Occipital effects around 165 ms in source space. (a) Statistical parametric map of the t-statistic in source space (Montreal Neurological Institute coordinate: z = 4) for the contrast predictable > scrambled, thresholded at P < 0.005 uncorrected and showing sensitivity to predictable S1 sequences in right visual cortex, and Brodmann areas 17 and 18. (b) Mean adjusted responses at peak voxel in right occipital cortex including 90% confidence intervals (based on between-participant variability).

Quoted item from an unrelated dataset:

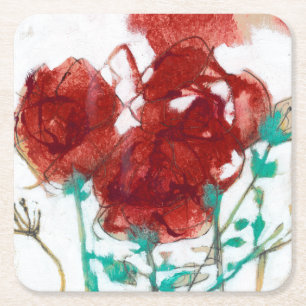 Dessous-de-verre Carré En Papier Expression I de fleur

We observed another effect in sensor space later in peristimulus time showing similar sensitivity to the predictable sequences (Fig. 5a). This manifested as a dipolar field pattern, which was sustained for about 100 ms, showing a right lateral negativity (peaking at 237 ms) and a left medial positivity (peaking at 230 ms). Peak voxels were P < 0.05 FWE corrected. As before, the predictable sequences heightened responses compared with the static S1 faces, as well as to the scrambled sequences. As this dipolar topography bears some similarity to that of the well-studied M170 component (Liu et al. 2002), we illustrate in Figure 5b the relationship of this effect to the M170 by selecting lateral temporal sensors from the right and left hemisphere which express both this predictability-sensitive response and the M170 (see also Supplementary Fig. 1).

Figure 5.

Sensor space effects at 237 ms. (a) Statistical parametric map of the t-statistic in sensor space at 237 ms for the contrast predictable > scrambled, showing peaks over left medial and right lateral temporal sensors. (b) Time courses of response at sensors in left and right hemispheres shown in the red circles in (a). The M170 deflections are labeled, and the arrows indicate sensitivity to predictable dynamics. (c) Mean adjusted responses at lateral temporal voxels in left and right hemisphere showing pattern of effects in sensor space at 237 ms including 90% confidence intervals. Predictable S1 sequences produce greater activation than scrambled and static.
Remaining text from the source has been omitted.